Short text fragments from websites
☆ ☆ ☆ ☆
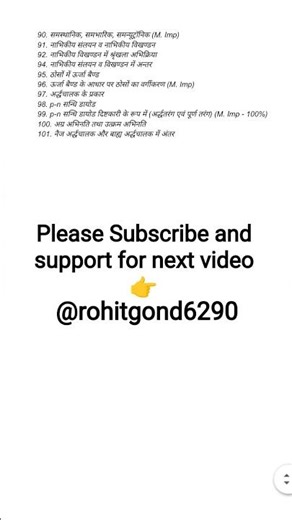 Up board physics class 12 Important Questions 2026 #upboard #physics #science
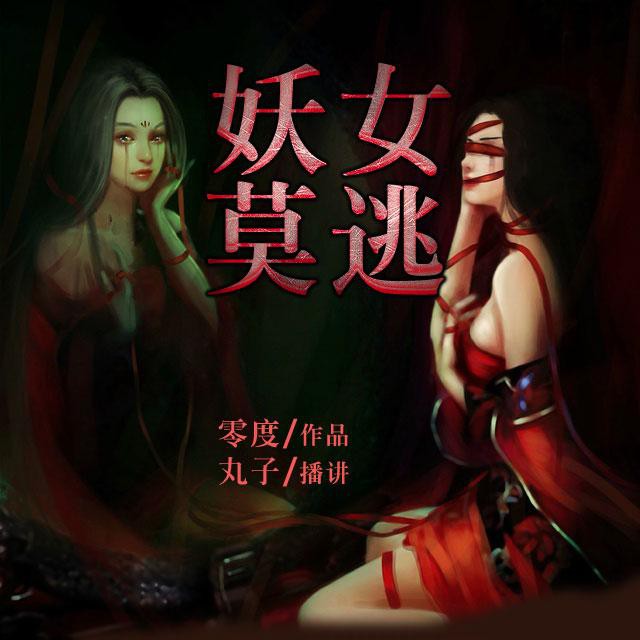 《《妖女莫逃》丸子演播》MP3打包下载-妖女,丸子,故事,主播,演播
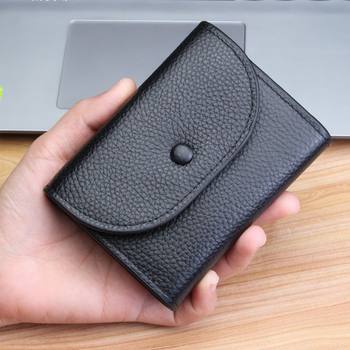 Ultra-Thin Coin Purse Men's Mini Simple Small Wallet Coin Bag Women's Card Holder Coin Bag 2025 New Style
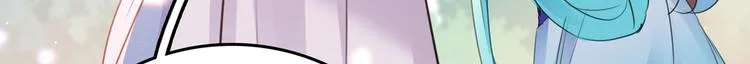 第225话 你是…国师她爹？！ 第97页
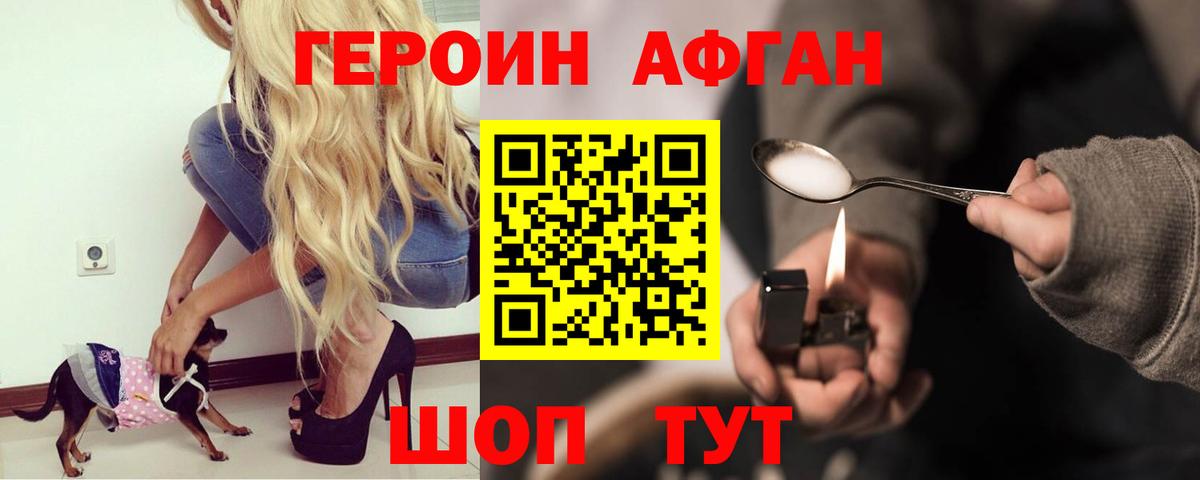 Героин Афган Рыбинск
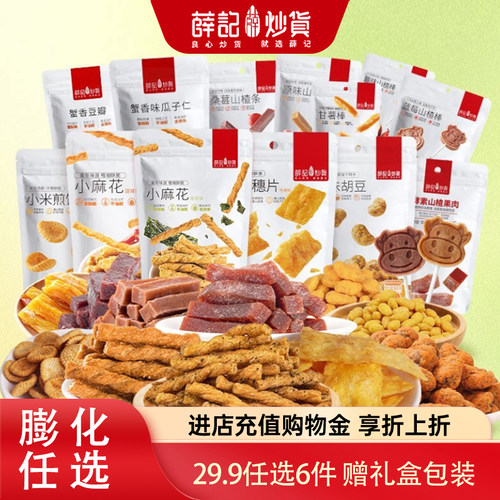 【29.9元任选6件】多款零食任选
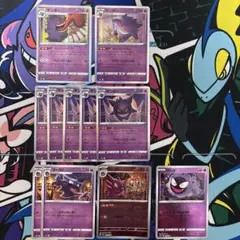 ⭐︎本日限定価格⭐︎【ポケモンカード】ゲンガーなどセット販売！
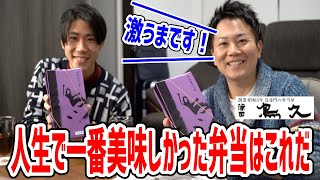 【売切必至】僕が一番好きな弁当は芸能人御用達の超絶美味い鳥久の特製弁当800円だ！【鳥久/蒲田】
☆ ☆ ☆ ☆
** About this task **
This exercise calls for a verbatim output of the entries, pictures omitted.

** Result for this task **
 Up board physics class 12 Important Questions 2026 #upboard #physics #science
 《《妖女莫逃》丸子演播》MP3打包下载-妖女,丸子,故事,主播,演播
 Ultra-Thin Coin Purse Men's Mini Simple Small Wallet Coin Bag Women's Card Holder Coin Bag 2025 New Style
 第225话 你是…国师她爹？！ 第97页
 Героин Афган Рыбинск
 【29.9元任选6件】多款零食任选
 ⭐︎本日限定価格⭐︎【ポケモンカード】ゲンガーなどセット販売！
 【売切必至】僕が一番好きな弁当は芸能人御用達の超絶美味い鳥久の特製弁当800円だ！【鳥久/蒲田】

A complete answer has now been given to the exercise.